Image: GlobalBeat / 2026
Flower extinction map reveals climate migration Hotspots
Muhammad Asghar | GlobalBeat
Scientists tracking 1,480 wildflower species across North America documented 217 that shifted altitude or latitude since 1978 to escape warming.
Half the migrating plants already face genetic bottlenecks that put them at risk of extinction within 50 years, according to a University of Arizona study released Tuesday.
The flowers moved an average of 5.6 feet upslope each year and 1.1 miles northward. Populations unable to keep pace with temperature increases are declining at 3 percent annually.
Researchers warned in the journal Nature Climate Change that plants with restricted habitat tolerance are losing genetic diversity. This erosion cripples future resilience.
Species now confined to smaller areas experience a 39 percent decline in gene flow, compared with just 11 percent for species that successfully relocated, the team concluded.
University of Arizona plant geneticist Kate Erickson called the data the first to show how climate change directly drives genetic extinction risk before habitat completely disappears. She spoke at a press conference on Tuesday.
The researchers analyzed 82 herbarium collections. They also drew on citizen-sourced iNaturalist photos spanning five decades.
Erickson said the same fingerprint will spread to crops and trees that rely on outcrossing to maintain disease resistance and yield.
Agricultural experts highlighted coffee and cocoa. Each depends on wild genetic pools, raising supply chain concerns for commodities worth more than $40 billion globally.
The United Nations climate panel lists genetic diversity extinction among the least studied drivers of biodiversity collapse.
Current models underestimate extinction risk by pretending all populations can relocate freely, the University of Arizona paper argued.
Botanical gardens announced plans to create a genomic seed vault within three years. It will target the 30 percent of native species most vulnerable to limited dispersal.
California authorities tracked the orange bush monkey flower as a case study. The plant moved uphill, but offspring showed 20 percent lower seed output because parents spread across fragmented chaparral, ecologists at the California Academy of Sciences reported.
Background
Climate-linked migrations have been recorded since the 1980s when researchers first traced Edith’s checkerspot butterflies shifting northward in California. Plants move more slowly, so evidence lagged until molecular tools uncovered hidden losses.

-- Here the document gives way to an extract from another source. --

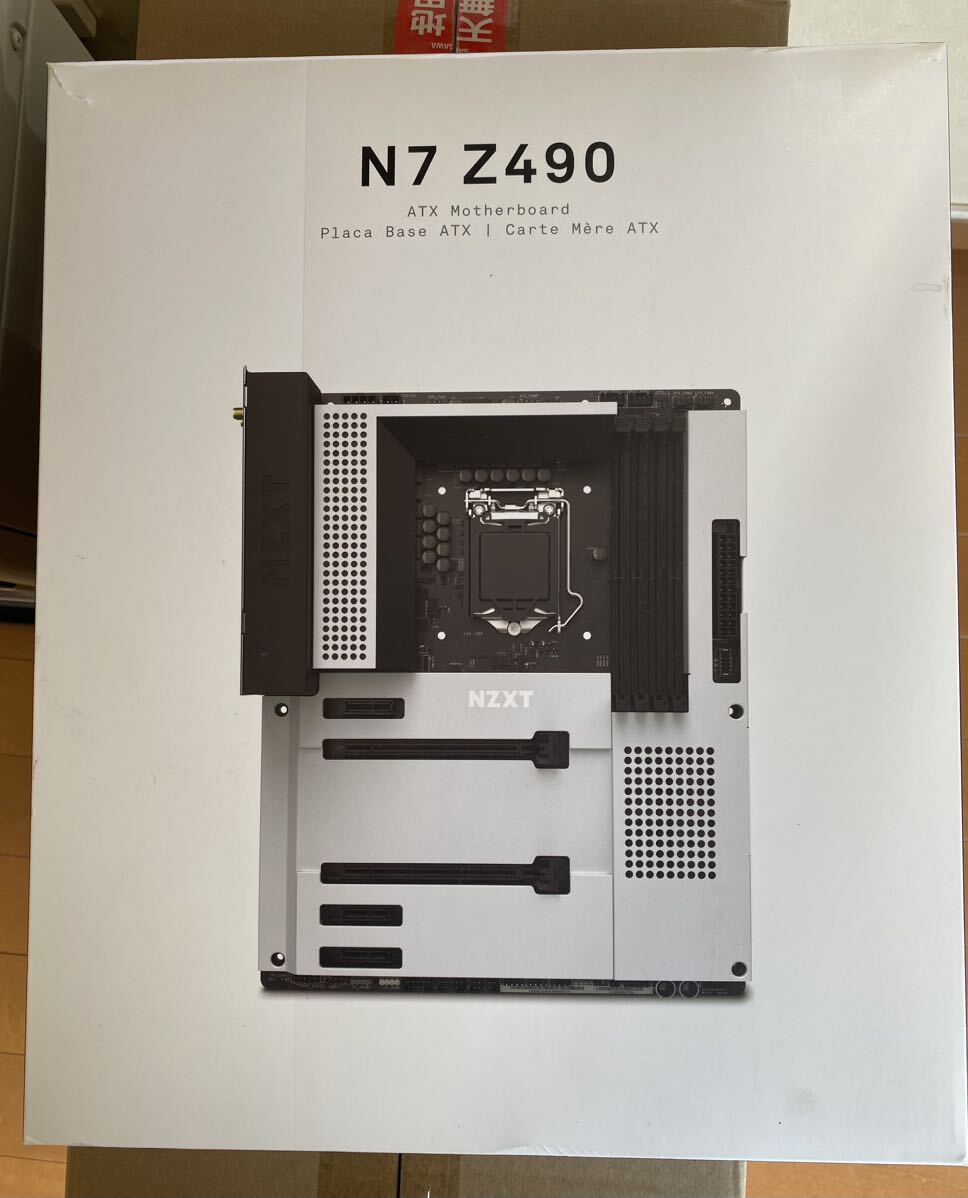 NZXTマザーボード Z490の画像3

The UN biodiversity convention targeted genetic diversity retention in its 2022 framework, yet funding for plant genomes lags behind that for animals. Wild relatives of crops receive just 0.4 percent of conservation budgets, according to the Crop Trust.
What’s Next
The U.S. Department of Agriculture will evaluate the findings before deciding whether to reclassify 38 native wild relatives of major food crops under federal protection rules. A decision is expected in early 2025.
Conservation groups say the study justifies expanding wildlife corridors along mountain ranges. They plan to lobby for extra funding in the next Farm Bill.